Any news of any other apps that are coming to the Bolt?


----------



## k1davis (Nov 14, 2004)

I just bought a Bolt last night. I'm eagerly anticipating Hulu on the Bolt as well.


----------



## kalifg (Oct 27, 2015)

Same here! Mine is arriving today and I can't wait!!!


----------



## JayMan747 (Nov 10, 2008)

Where did you guys order? 
Best prices I have seen were Amazon prime


Sent from my iPad using Tapatalk


----------



## midnightmarauder (Oct 9, 2006)

This is really an issue for me. Hulu is a major app and Bolt can't accommodate it? Come on TiVo!!! Makes me want to go for the roamio instead and a few years down the road buy the newest TiVo model.


----------



## HarperVision (May 14, 2007)

midnightmarauder said:


> This is really an issue for me. Hulu is a major app and Bolt can't accommodate it? Come on TiVo!!! Makes me want to go for the roamio instead and a few years down the road buy the newest TiVo model.

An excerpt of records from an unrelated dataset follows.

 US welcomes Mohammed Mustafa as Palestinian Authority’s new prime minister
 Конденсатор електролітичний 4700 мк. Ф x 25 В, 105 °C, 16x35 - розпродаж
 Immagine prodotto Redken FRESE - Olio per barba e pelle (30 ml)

It's not TiVo. They're just waiting on Hulu to update their app to run on HTML5, which the new Bolt uses exclusively now after ditching Flash.


----------



## BigJimOutlaw (Mar 21, 2004)

Flash support is disappearing on embedded devices, and that's one of the main reasons why Tivo integrated the HTML5 platform and moved their UI off Flash last year... They were going to hit a wall.

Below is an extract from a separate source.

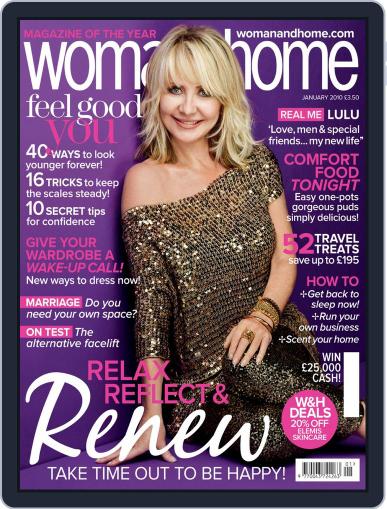 Woman & Home December 3rd, 2009 Digital Back Issue Cover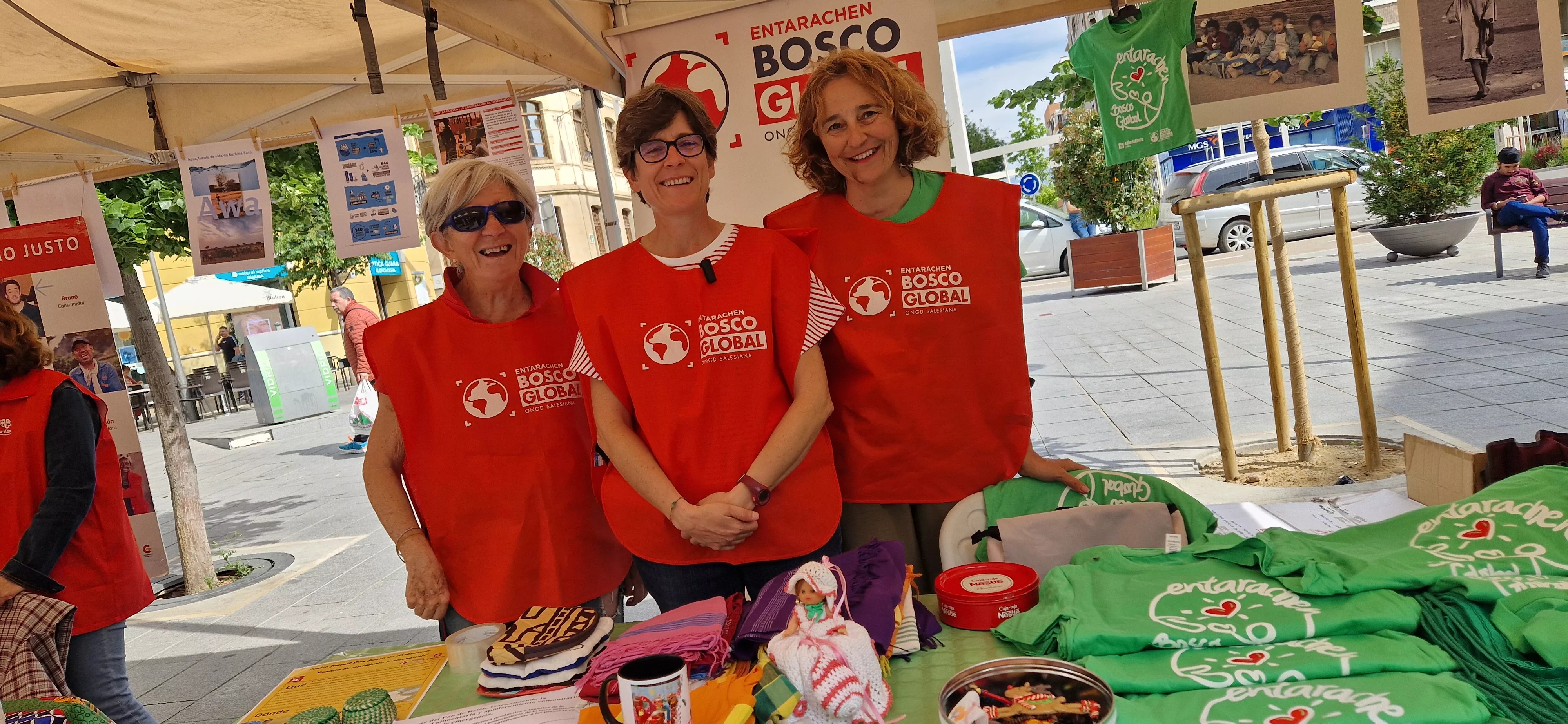 Celebración del Día de África en Huesca. Foto Myriam Martínez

Tivo says taking over Flash runtime support would be "daunting" (especially just for the sake of Hulu's very old app at this point), so that's where we are at right now.


----------



## Dan203 (Apr 17, 2000)

Does Hulu offer an HTML5 app on any platform yet?


----------



## BigJimOutlaw (Mar 21, 2004)

Dan203 said:


> Does Hulu offer an HTML5 app on any platform yet?


Nope


----------



## Dan203 (Apr 17, 2000)

So the question isn't really "when is the Hulu app coming to the Bolt" it's "when is Hulu going to convert their app to HTML5 so that the Bolt can run it".


----------



## NashGuy (May 2, 2015)

BigJimOutlaw said:


> Nope


One reason why, IMHO, TiVo erred in moving their app platform to HTML5 rather than Android (or a variant thereof). Look at the major apps TiVo needs: Hulu, HBO, Showtime, Starz, Crackle, CBS All Access, ESPN. None of them, that I know of, have an HTML5 version of their apps.


----------



## JayMan747 (Nov 10, 2008)

NashGuy said:


> Look at the major apps TiVo needs: Hulu, HBO, Showtime, Starz, Crackle, CBS All Access, ESPN. None of them, that I know of, have an HTML5 version of their apps.

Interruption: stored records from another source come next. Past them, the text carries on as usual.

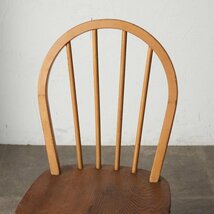 IZ70118F★ercol フープバックチェア 4本 スポーク アーコール ダイニングチェア 英国 ヴィンテージ 曲木 椅子 エルム 天然木 イギリス_画像2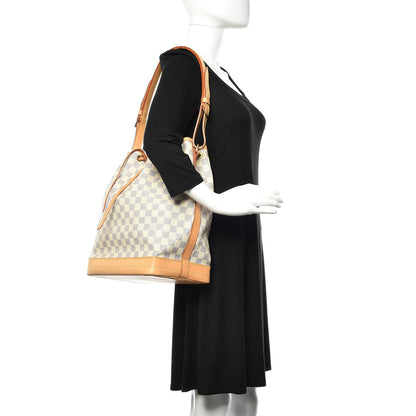 Louis Vuitton Damier Azur Noe 2 of 12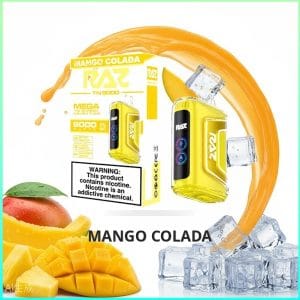TN9000_Mango_Colada Raz TN9000 - Mango Colada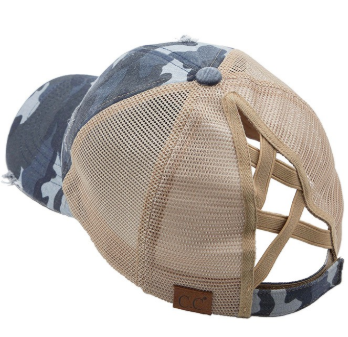 C.C. CamoChic Pony Hat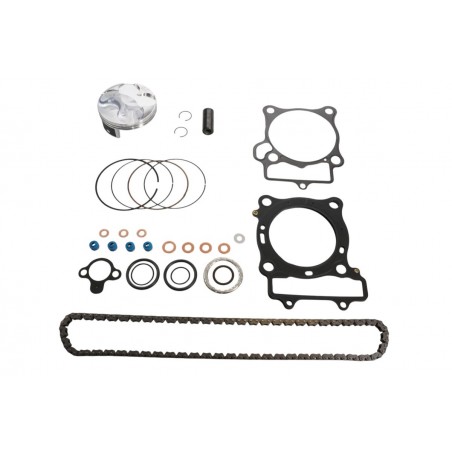 VERTEX 2025/02 ZESTAW NAPRAWCZY GÓRY SILNIKA HONDA CRF 250 R / RX '20-'21 (STD. + 0.01MM 78.97MM) (13.9:1) (TŁOK, USZCZELKI TOP-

All of those are Apple IOS devices which are not flash, right?
I dont think apple TV has flash either, and it has Hulu, HBO, Showtime, ESPN, etc.


----------



## SlickVik (Nov 30, 2011)

NashGuy said:


> One reason why, IMHO, TiVo erred in moving their app platform to HTML5 rather than Android (or a variant thereof). Look at the major apps TiVo needs: Hulu, HBO, Showtime, Starz, Crackle, CBS All Access, ESPN. None of them, that I know of, have an HTML5 version of their apps.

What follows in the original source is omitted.